We both ignored him.

“You have a full time job here with Animators, Inc.”

“We’ve had this argument before, Bert.”

“Too many times,” he said.

“You’re my boss, Bert. Do what you think best.”

“Don’t tempt me.”

“Hey, guys,” Larry said, “I’m getting the feeling that you’re using me for an excuse to fight. Don’t get carried away, okay?”

We both glared at him. He didn’t back down, just stared at us. Point for him.

“If you don’t like the way I do my job, Bert, fire me, but stop yanking my chain.”

Bert stood up, slowly, like a leviathan rising from the waves. “Anita . . .”

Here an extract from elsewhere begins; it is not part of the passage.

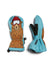 XTM Kids Totally Wild Snow Mitt 0-4 years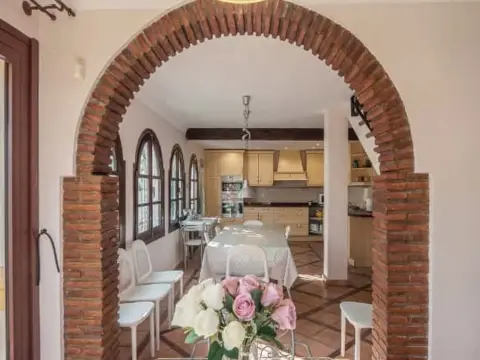 Chalet en calle Avenida Margaret Pitarch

The phone rang. We all stared at it for a minute. Bert finally picked it up and growled, “Yeah, what is it?”

He listened for a minute, then glared at me. “It’s for you.” His voice was incredibly mild as he said it. “Detective Sergeant Storr, police business.”

Bert’s face was smiling; butter wouldn’t have melted in his mouth.

I held out my hand for the phone without another word. He handed me the receiver. He was still smiling, his tiny grey eyes warm and sparkling. It was a bad sign.

“Hi, Dolph, what’s up?”

“We’re at the lawyer’s office that your friend Veronica Sims gave us. Nice that she called you first and not us.”

“She called you second, didn’t she?”

“Yeah.”

“What have you found out?” I didn’t bother to keep my voice down. If you’re careful, one side of a conversation isn’t very enlightening.

“Reba Baker is the dead woman. They identified her from morgue photos.”

“Pleasant way to end the work week,” I said.

Dolph ignored that. “Both victims were clients with dying wills. If they died by vampire bite, they wanted to be staked, then cremated.”